YOUR TASK: Write the records out exactly, so that no picture remains in the copy.

Brief descriptive captions:
- Opening Delimiter -

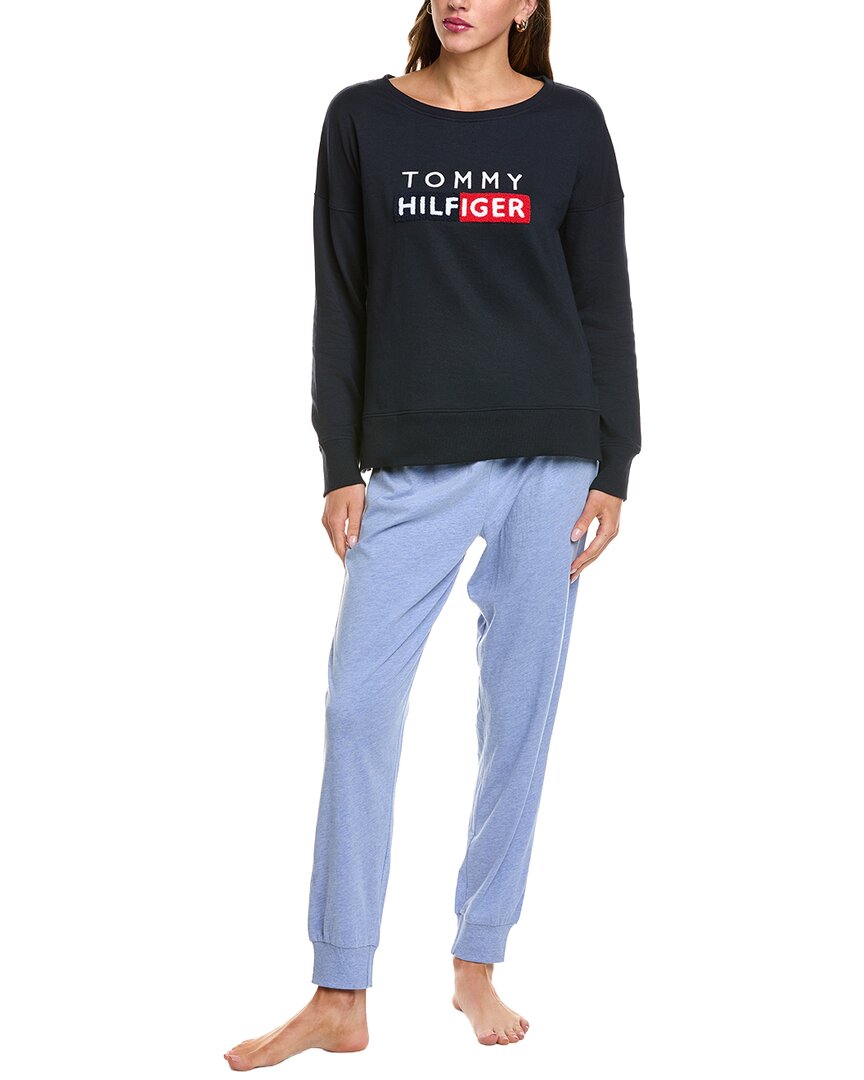 Комплект для сна Tommy Hilfiger из 2 предметов: рубашка и брюки Tommy Hilfiger, синий
Комплект для сна Tommy Hilfiger из 2 предметов: рубашка и брюки Tommy Hilfiger, синий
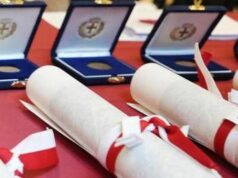 Ambrogini, cerimonia senza contestazioni: standing ovation per poliziotto ferito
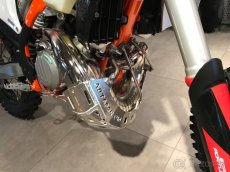 KTM, Husqvarna, Gas Gas zesílený kryt motor a kolene výfuku  - 4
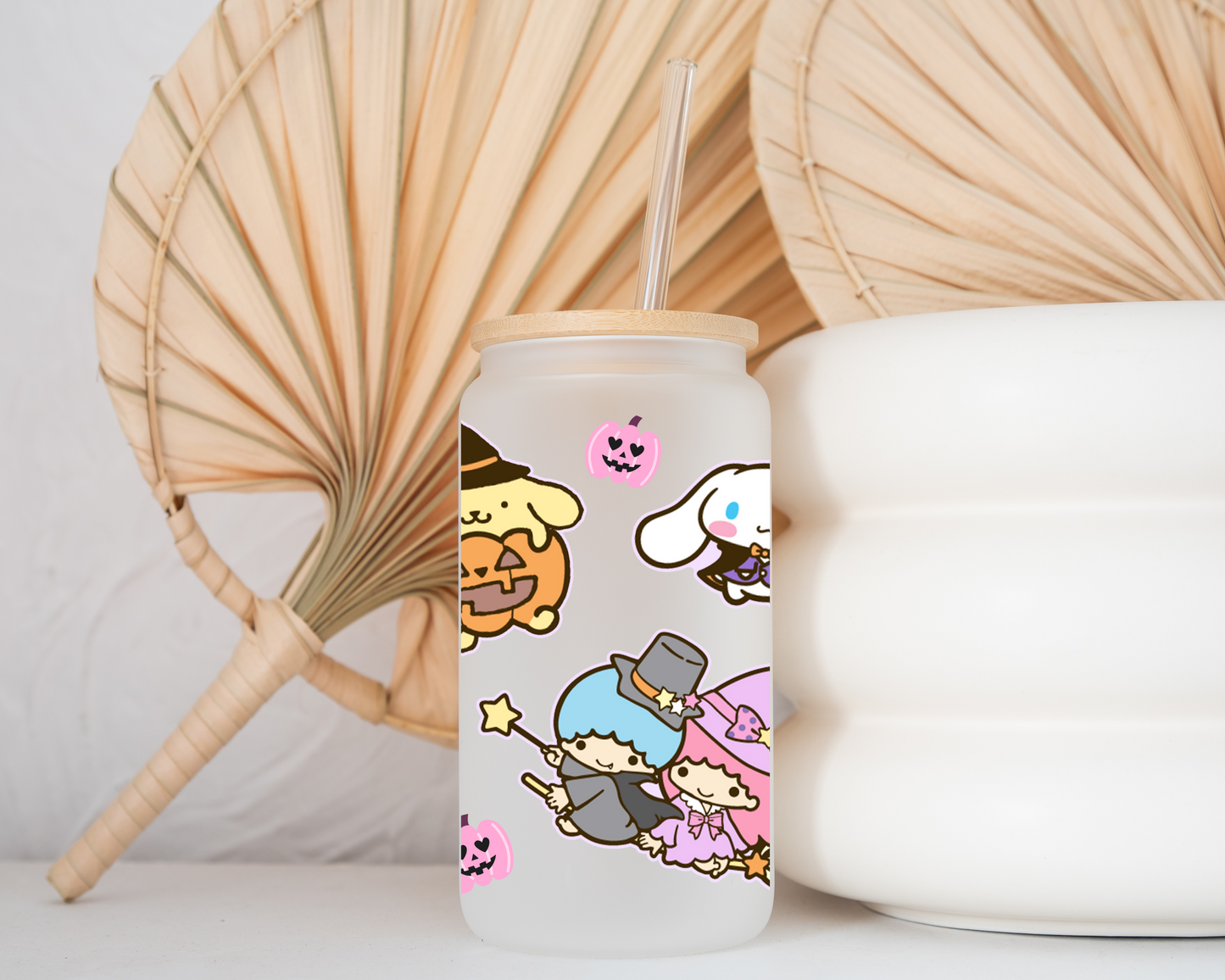 Sanrio Halloween Anime 16oz Beer Can Glass with Straw and Lid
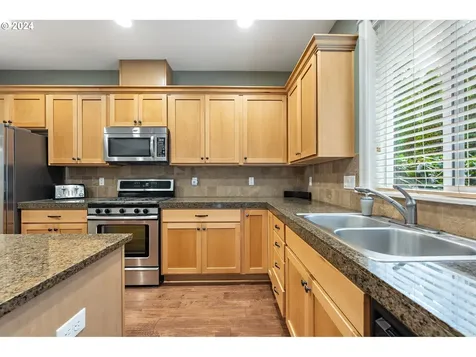 4978 SW 157th Place Beaverton OR 97007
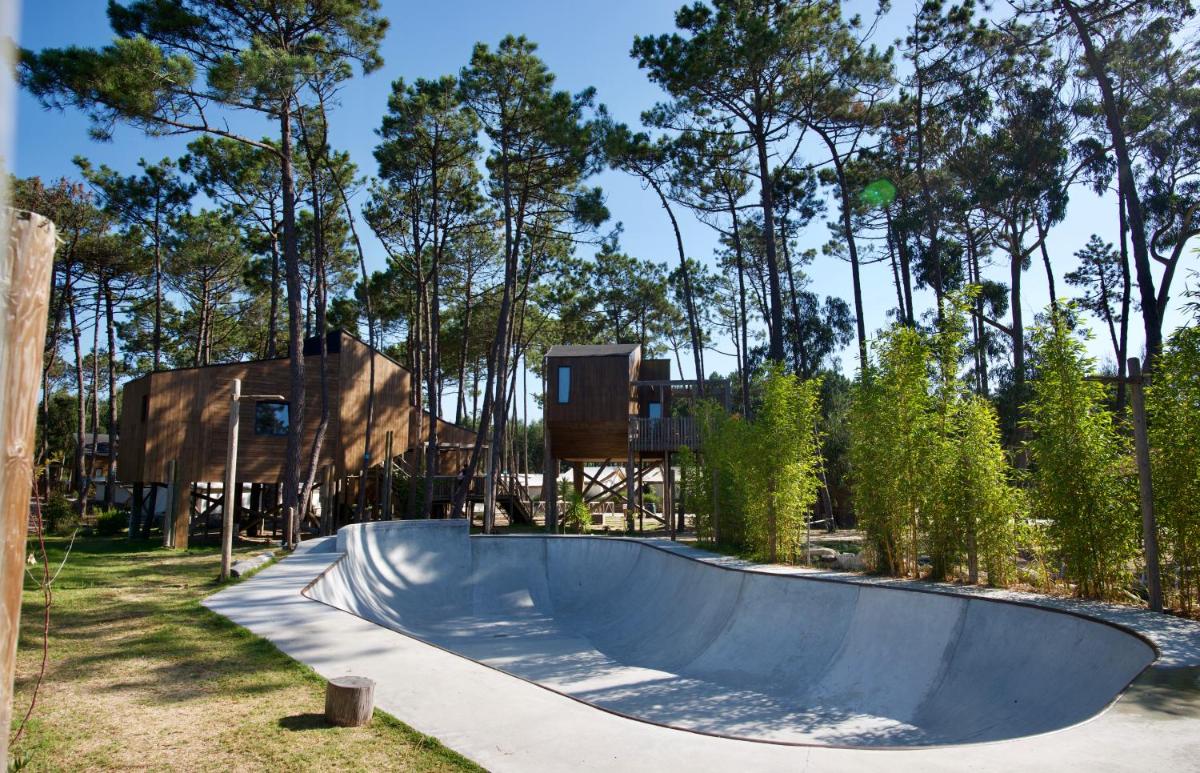 A piscina em ou perto de Bukubaki Eco Surf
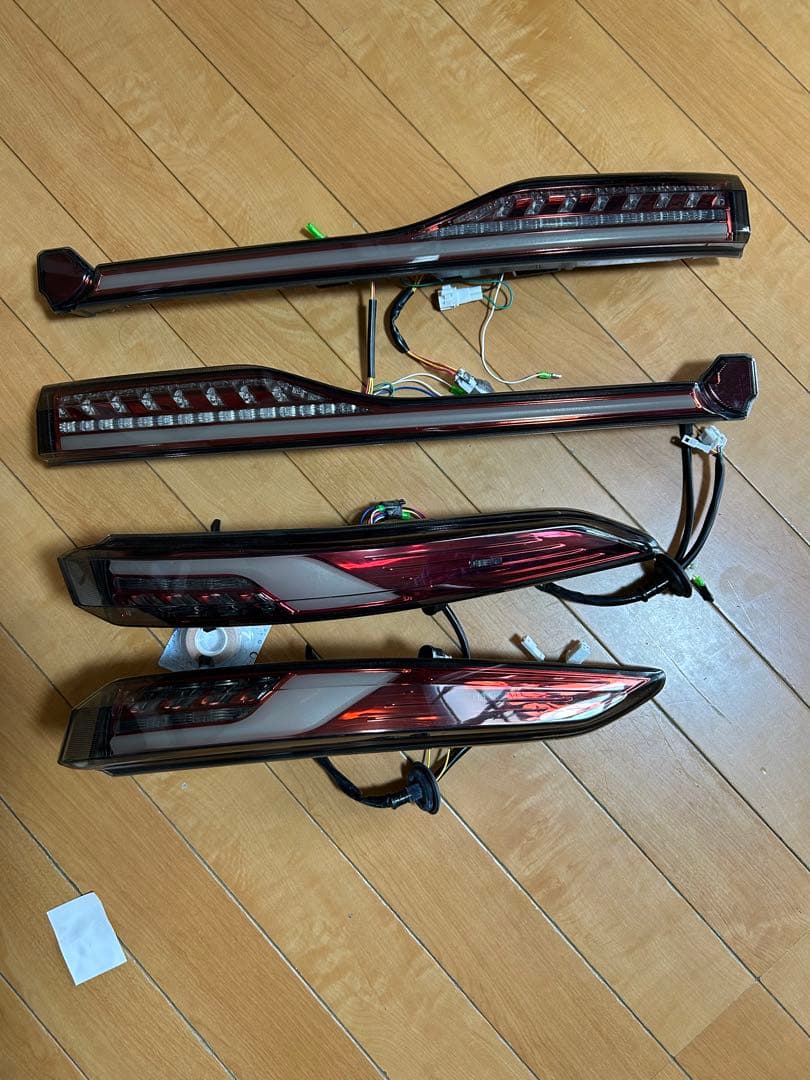 VALENTI 80ハリアーテールランプ オンライン限定モデル(アッパーのみ)
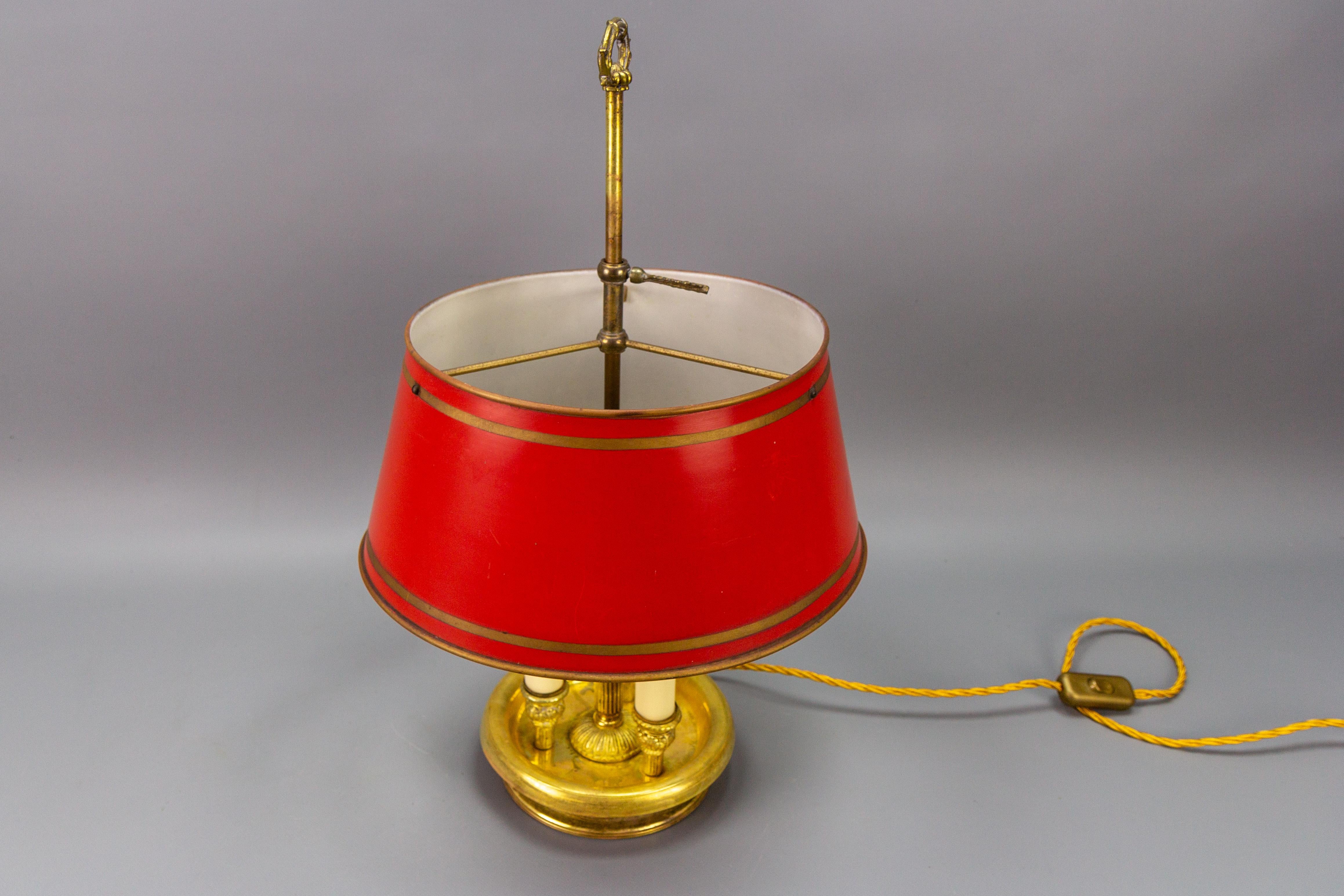Französisches Messing und roter Tole-Schirm Dreilichtige Bouillotte-Schreibtischlampe im Angebot 3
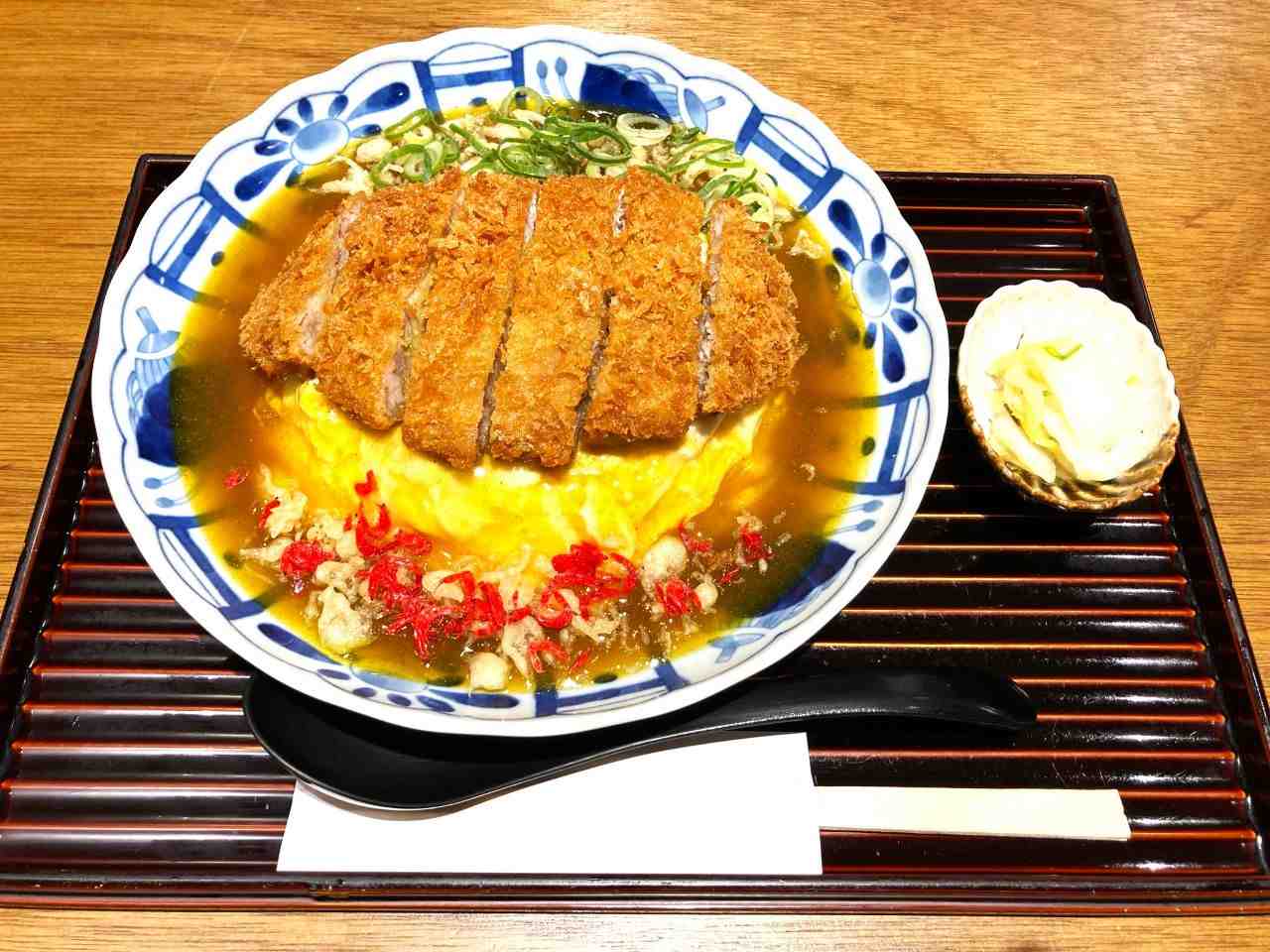 味味香 ポルタ店「京のオムカレーかつ丼」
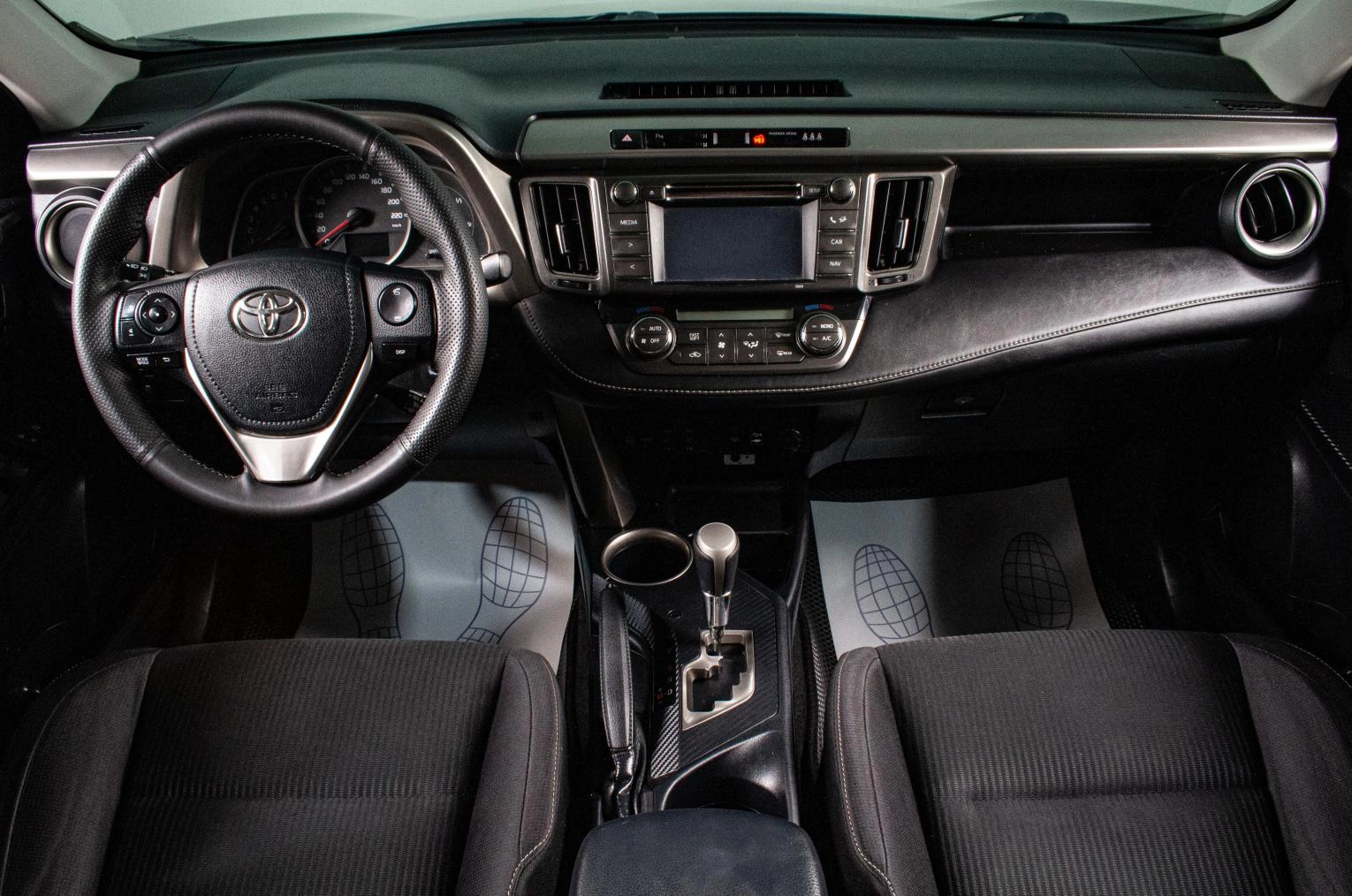 Toyota RAV4 12 из 16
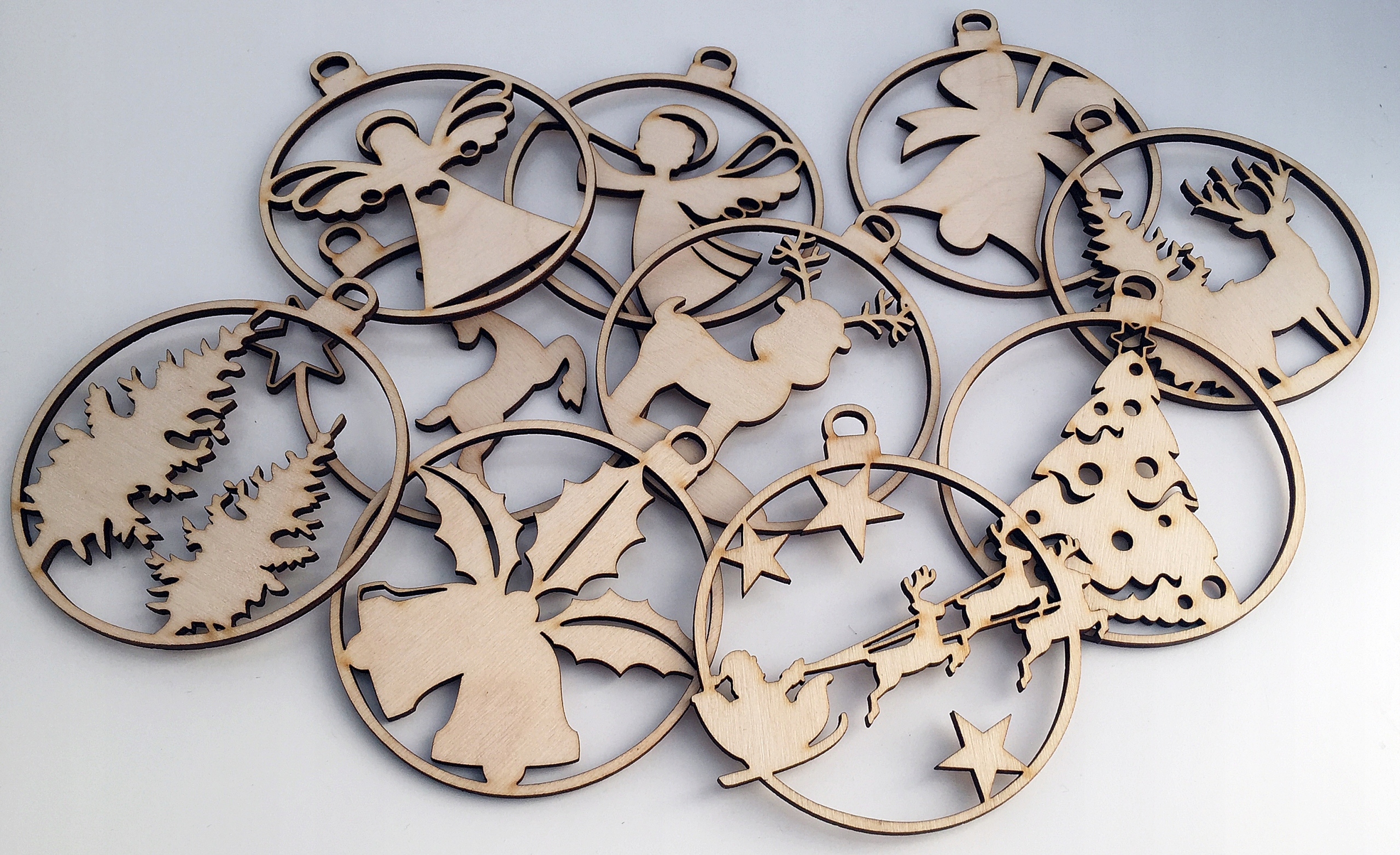 DREWNIANA OZDOBA ażurowa na CHOINKĘ bombka MIKOŁAJ Marka inna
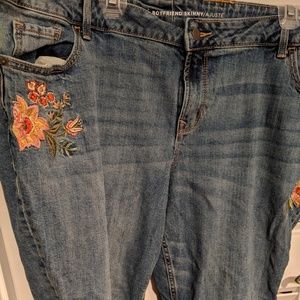 Boyfriend embroidered jeans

- Closing Delimiter -

PROBLEM SOLUTION:
 Комплект для сна Tommy Hilfiger из 2 предметов: рубашка и брюки Tommy Hilfiger, синий
Комплект для сна Tommy Hilfiger из 2 предметов: рубашка и брюки Tommy Hilfiger, синий
 Ambrogini, cerimonia senza contestazioni: standing ovation per poliziotto ferito
 KTM, Husqvarna, Gas Gas zesílený kryt motor a kolene výfuku  - 4
 Sanrio Halloween Anime 16oz Beer Can Glass with Straw and Lid
 4978 SW 157th Place Beaverton OR 97007
 A piscina em ou perto de Bukubaki Eco Surf
 VALENTI 80ハリアーテールランプ オンライン限定モデル(アッパーのみ)
Französisches Messing und roter Tole-Schirm Dreilichtige Bouillotte-Schreibtischlampe im Angebot 3
 味味香 ポルタ店「京のオムカレーかつ丼」
 Toyota RAV4 12 из 16
 DREWNIANA OZDOBA ażurowa na CHOINKĘ bombka MIKOŁAJ Marka inna
 Boyfriend embroidered jeans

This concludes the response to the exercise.